Bağışlanan kurbanların din görevlileri ve noter huzurunda kesildiğini söylediler ama daha sonra Polonya ve Ukrayna’da kesilip Türkiye’ye getirildiği ortaya çıktı. Kurban etlerinin AKP’li bir ismin otelinden çıkması da ayrı bir skandaldı. 

Yemen’e yardım götürecek’ denilerek kiralanan ama teknik şartları karşılayamadığı için hiç uçamayan uçağa da 300 bin dolar ödemek gibi ilginç icraatları var Kızılay yönetiminin. 

GÖRÜLMEMİŞ CEZA 

Bu konular sık sık yargının gündemine girse de bugüne kadar hukuki süreçler işletilmedi. 

Mesela eski Yönetim Kurulu üyesi Sabahattin Tezdig yüzlerce sayfalık belgeyi savcılığa sundu ama savcılık takipsizlik verdi.

Kızılay’ın iktidar tarafından nasıl korunup kollandığına dair en somut örnek ise İçişleri Bakanlığı’nın denetiminde yaşandı.

İçişleri Bakanlığı Sivil Toplumla İlişkiler Genel Müdürlüğü Teftiş Kurulu Başkanlığınca soruşturma açıldı.

İnceleme sonunda 72 madde de usulsüzlük tespit edildi. Ancak burada çok ilginç bir gelişme yaşandı. 

‘Görevi kötüye kullanmaktan’ Kınık’a iki ayrı konuda 344 bin lira, genel müdür İbrahim Altan’a da 70 bin lira para cezası verildi.
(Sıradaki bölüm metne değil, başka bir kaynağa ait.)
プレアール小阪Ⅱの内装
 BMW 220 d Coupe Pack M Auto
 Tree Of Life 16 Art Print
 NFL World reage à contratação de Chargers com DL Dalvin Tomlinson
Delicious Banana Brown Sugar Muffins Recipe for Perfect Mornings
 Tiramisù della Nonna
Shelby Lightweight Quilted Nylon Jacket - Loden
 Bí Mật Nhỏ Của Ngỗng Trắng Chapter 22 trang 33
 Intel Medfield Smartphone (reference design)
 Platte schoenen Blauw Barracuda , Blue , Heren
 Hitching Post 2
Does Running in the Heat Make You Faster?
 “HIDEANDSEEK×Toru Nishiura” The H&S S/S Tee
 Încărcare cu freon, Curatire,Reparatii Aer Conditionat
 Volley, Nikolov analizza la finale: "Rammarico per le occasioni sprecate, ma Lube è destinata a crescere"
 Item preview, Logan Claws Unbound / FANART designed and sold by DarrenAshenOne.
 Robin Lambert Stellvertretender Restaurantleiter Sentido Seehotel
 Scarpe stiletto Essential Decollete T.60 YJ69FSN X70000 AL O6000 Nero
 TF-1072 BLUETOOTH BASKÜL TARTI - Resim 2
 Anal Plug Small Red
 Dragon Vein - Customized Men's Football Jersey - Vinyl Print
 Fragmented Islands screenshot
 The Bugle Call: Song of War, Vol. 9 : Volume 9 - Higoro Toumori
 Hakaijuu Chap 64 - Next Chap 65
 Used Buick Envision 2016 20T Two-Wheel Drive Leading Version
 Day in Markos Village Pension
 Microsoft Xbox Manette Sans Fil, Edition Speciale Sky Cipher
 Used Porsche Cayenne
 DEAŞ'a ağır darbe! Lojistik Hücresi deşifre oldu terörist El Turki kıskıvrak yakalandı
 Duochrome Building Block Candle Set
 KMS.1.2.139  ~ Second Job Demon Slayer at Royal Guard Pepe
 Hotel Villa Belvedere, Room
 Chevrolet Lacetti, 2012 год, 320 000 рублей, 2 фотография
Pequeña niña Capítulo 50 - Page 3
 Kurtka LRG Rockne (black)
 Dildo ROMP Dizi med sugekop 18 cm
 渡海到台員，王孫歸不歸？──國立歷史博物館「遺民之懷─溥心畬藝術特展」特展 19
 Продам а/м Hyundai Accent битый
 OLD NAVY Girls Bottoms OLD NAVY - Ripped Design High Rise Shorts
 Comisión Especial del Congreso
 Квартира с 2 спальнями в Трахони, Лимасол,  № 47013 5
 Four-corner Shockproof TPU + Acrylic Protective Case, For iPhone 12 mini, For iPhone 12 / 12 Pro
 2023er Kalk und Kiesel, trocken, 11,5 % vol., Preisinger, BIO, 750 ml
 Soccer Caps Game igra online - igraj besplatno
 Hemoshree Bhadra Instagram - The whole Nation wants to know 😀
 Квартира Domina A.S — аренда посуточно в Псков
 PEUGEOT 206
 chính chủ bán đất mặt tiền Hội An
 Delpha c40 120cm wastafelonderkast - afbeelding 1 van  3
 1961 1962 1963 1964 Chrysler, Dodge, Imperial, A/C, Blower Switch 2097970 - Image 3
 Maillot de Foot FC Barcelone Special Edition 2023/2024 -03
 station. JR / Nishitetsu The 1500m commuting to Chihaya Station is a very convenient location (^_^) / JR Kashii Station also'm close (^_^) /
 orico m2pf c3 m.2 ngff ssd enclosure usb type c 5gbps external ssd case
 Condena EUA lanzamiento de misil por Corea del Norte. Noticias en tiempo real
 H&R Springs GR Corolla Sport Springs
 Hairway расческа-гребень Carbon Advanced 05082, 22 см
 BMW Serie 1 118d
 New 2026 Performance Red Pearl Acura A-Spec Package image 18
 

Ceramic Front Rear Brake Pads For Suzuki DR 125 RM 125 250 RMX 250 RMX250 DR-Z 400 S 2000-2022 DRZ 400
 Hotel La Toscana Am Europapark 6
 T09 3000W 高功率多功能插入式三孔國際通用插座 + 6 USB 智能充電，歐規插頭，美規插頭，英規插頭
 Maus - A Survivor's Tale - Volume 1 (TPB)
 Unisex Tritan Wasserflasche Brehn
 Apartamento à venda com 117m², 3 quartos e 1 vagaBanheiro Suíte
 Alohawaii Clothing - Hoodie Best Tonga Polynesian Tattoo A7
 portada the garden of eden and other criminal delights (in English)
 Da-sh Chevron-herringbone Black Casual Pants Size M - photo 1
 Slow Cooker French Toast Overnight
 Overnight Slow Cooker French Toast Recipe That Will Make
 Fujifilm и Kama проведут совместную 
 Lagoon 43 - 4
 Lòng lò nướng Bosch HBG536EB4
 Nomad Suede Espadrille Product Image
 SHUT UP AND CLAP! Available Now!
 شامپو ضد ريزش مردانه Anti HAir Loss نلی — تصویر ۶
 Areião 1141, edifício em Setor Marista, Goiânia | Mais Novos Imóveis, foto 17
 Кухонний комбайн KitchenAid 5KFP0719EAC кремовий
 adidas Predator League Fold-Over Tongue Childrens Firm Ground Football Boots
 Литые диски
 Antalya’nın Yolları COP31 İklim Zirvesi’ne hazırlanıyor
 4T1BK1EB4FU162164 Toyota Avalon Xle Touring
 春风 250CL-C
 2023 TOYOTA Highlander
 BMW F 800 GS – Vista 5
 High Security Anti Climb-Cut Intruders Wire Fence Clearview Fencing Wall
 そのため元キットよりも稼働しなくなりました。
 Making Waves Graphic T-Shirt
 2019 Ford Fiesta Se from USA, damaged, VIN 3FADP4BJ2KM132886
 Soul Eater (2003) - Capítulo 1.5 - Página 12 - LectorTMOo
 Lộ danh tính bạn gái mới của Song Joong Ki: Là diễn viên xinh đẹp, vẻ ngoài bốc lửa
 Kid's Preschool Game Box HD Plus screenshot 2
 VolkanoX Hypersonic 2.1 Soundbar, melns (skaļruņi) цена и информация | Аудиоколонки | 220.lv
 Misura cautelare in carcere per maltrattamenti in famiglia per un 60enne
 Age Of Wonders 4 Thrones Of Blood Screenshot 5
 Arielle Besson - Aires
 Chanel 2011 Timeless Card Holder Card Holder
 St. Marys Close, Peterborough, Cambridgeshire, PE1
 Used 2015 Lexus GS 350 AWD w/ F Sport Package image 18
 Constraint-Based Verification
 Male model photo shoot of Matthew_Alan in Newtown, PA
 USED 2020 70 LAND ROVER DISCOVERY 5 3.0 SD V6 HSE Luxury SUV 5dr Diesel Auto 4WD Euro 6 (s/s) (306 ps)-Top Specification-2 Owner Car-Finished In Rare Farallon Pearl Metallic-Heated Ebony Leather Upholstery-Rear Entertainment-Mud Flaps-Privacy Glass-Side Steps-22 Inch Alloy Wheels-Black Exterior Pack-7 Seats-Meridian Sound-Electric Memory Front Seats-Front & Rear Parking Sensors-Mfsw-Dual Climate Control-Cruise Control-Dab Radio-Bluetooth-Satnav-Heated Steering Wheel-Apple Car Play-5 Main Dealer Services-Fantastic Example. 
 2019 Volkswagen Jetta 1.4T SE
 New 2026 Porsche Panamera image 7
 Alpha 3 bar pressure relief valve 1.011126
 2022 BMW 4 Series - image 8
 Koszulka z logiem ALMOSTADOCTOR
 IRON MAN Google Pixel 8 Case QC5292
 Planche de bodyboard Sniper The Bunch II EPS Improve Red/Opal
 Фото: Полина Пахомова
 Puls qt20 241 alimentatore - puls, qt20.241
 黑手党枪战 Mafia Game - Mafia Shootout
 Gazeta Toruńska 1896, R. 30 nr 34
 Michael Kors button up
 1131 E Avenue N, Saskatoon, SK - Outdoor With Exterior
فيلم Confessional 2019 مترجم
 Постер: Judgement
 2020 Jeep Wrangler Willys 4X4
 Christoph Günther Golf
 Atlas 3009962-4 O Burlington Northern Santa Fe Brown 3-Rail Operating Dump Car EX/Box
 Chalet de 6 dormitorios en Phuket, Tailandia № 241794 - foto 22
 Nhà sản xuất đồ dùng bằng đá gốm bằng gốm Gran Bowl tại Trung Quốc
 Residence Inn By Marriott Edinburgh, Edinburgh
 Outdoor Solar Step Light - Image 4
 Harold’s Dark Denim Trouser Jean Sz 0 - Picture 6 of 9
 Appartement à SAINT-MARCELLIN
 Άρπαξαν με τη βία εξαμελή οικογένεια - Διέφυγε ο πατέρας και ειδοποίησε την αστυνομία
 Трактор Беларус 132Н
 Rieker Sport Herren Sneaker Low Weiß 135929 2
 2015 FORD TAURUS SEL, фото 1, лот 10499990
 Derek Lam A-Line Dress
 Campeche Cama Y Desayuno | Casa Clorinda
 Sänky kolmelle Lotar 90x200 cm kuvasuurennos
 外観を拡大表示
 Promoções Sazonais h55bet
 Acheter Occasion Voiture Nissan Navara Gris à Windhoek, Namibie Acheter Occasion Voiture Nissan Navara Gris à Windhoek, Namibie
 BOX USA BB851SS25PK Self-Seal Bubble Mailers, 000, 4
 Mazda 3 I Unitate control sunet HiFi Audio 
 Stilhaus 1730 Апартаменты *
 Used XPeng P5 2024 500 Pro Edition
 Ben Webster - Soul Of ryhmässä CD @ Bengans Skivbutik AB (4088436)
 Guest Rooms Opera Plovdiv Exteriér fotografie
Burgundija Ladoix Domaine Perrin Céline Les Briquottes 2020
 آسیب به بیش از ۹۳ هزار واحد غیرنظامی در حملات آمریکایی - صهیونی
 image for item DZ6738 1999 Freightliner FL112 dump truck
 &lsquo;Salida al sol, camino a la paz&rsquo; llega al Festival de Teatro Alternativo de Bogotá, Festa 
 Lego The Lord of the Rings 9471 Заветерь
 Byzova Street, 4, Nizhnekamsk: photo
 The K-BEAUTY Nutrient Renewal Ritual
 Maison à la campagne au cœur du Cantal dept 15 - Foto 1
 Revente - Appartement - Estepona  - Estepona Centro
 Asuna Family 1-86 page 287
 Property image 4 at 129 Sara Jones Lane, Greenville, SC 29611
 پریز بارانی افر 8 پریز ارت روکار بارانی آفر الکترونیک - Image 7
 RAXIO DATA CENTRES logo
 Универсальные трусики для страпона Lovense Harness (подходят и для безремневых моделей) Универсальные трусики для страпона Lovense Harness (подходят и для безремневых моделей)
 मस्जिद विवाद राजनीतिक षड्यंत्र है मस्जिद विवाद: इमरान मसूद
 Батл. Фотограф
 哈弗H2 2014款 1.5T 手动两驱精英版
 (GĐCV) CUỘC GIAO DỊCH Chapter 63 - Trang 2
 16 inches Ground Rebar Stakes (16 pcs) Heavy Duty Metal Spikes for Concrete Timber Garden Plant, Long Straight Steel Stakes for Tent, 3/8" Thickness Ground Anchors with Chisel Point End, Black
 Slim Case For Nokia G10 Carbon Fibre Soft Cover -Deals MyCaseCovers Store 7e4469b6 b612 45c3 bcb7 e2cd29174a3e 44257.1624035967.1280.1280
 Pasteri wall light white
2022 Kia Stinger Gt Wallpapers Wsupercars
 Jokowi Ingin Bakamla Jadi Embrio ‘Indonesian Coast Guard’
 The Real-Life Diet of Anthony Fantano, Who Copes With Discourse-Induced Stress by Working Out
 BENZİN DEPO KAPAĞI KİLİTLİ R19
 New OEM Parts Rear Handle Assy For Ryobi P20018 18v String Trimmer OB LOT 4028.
Bir kamu görevlisine görevi kötüye kullanmaktan para cezası verilmesi ilk kez yaşandı. Normal şartlarda savcılık devreye girer ve soruşturma açılırdı. 

Kulislere göre kurum yöneticileri bu sıradışı cezaları da Kızılay hesabından ödedi.

Kızılay Başkanı Kerem Kınık siyaseti ve bürokratik işleyişi çok iyi çözmüş. Her durum için alternatif bir plan hazırlamış. 

Daha önce Kızılay’ı denetleyen Devlet Denetleme Kurulu (DDK) ekibinde yer alan Seydi Güler, Kızılay’da yüksek maaşla Bütçe ve Muhasebe Yönetimi Direktörü olarak işe alındı

Maaşının hayli yüksek olduğunu söylemeye de gerek yok. 

ERDOĞAN BİZZAT DEVREYE GİRİYOR

Kızılay zengin bir maden gibi. 

Kazdıkça skandal fışkırıyor. İşte onlardan birisi.

Kızılay başkanı Kerem Kınık tüzük değişikliği yapmak istediğinde genel kurul delegelerinin direnci ile karşılaştı.

Siyasi parti tüzüğünden dönüştürülen yeni tüzük mahkemeden döndü. 

Ancak bu kez devreye bizzat Saray girdi ve Cumhurbaşkanlığı kararıyla tüzük değiştirildi.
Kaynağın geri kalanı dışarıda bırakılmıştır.